Stored items from a collection

┄┄┄┄┄┄┄┄┄┄

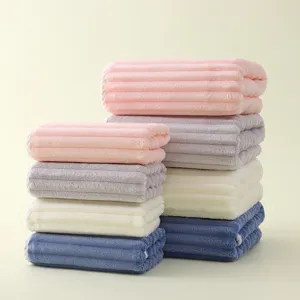 Ensemble de serviettes de bain rayées en polaire corail douce, pliées proprement.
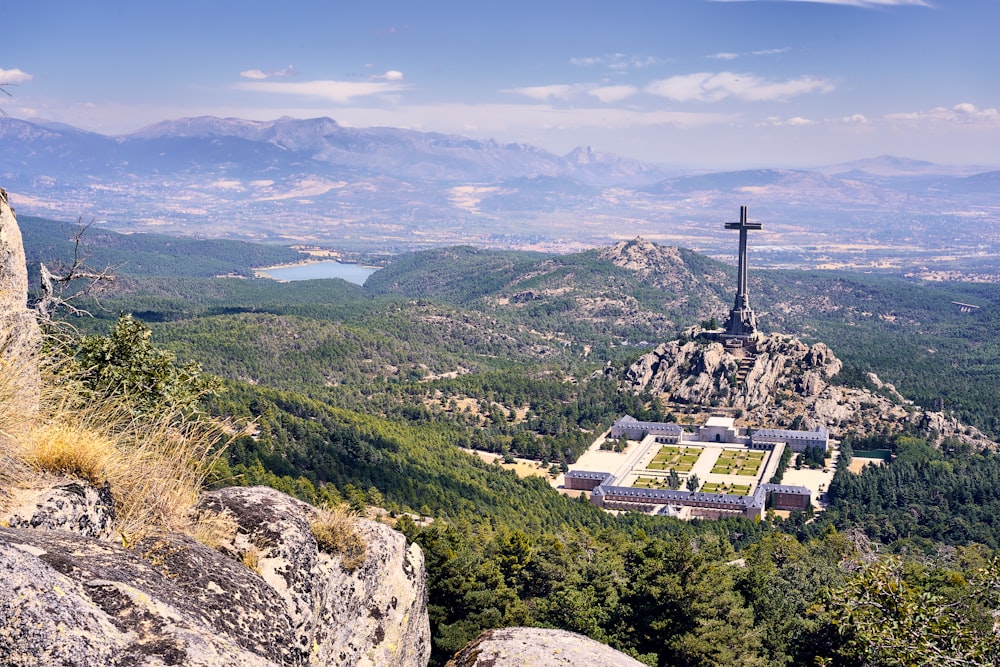 a cross on top of a mountain overlooking a valley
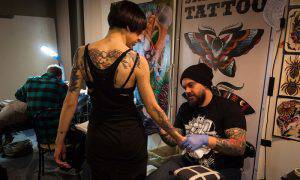 bigstock-Tattoer-And-A-Girl-At-Milano-T-59414111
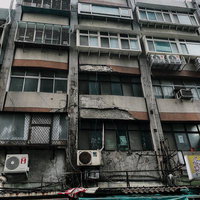 老朽化したビルの外観に並ぶエアコン室外機、台湾の雑居ビルの写真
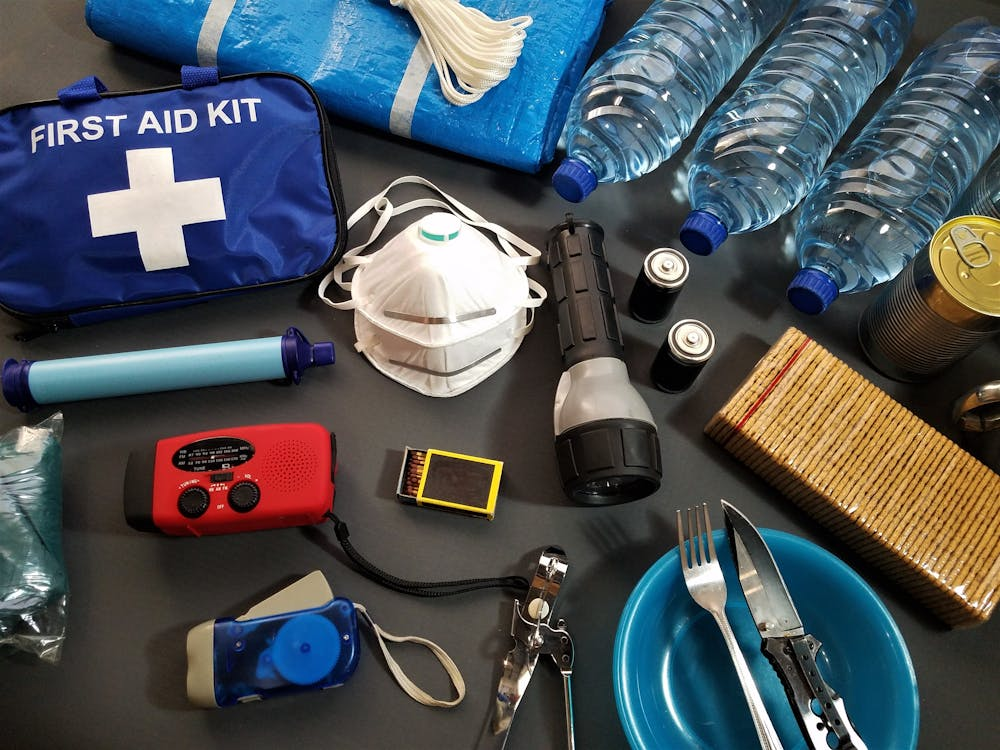 A spread of various emergency and survival supplies, including a first aid kit, water bottles, masks, a flashlight, batteries, a radio, matches, a whistle, plates, cutlery, and packaged food.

┄┄┄┄┄┄┄┄┄┄

■ TASK DIRECTIONS
Each entry should appear again exactly as written, pictures excluded.

■ RESPONSE TO THE TASK
 Ensemble de serviettes de bain rayées en polaire corail douce, pliées proprement.
 a cross on top of a mountain overlooking a valley
 bigstock-Tattoer-And-A-Girl-At-Milano-T-59414111
 老朽化したビルの外観に並ぶエアコン室外機、台湾の雑居ビルの写真
 A spread of various emergency and survival supplies, including a first aid kit, water bottles, masks, a flashlight, batteries, a radio, matches, a whistle, plates, cutlery, and packaged food.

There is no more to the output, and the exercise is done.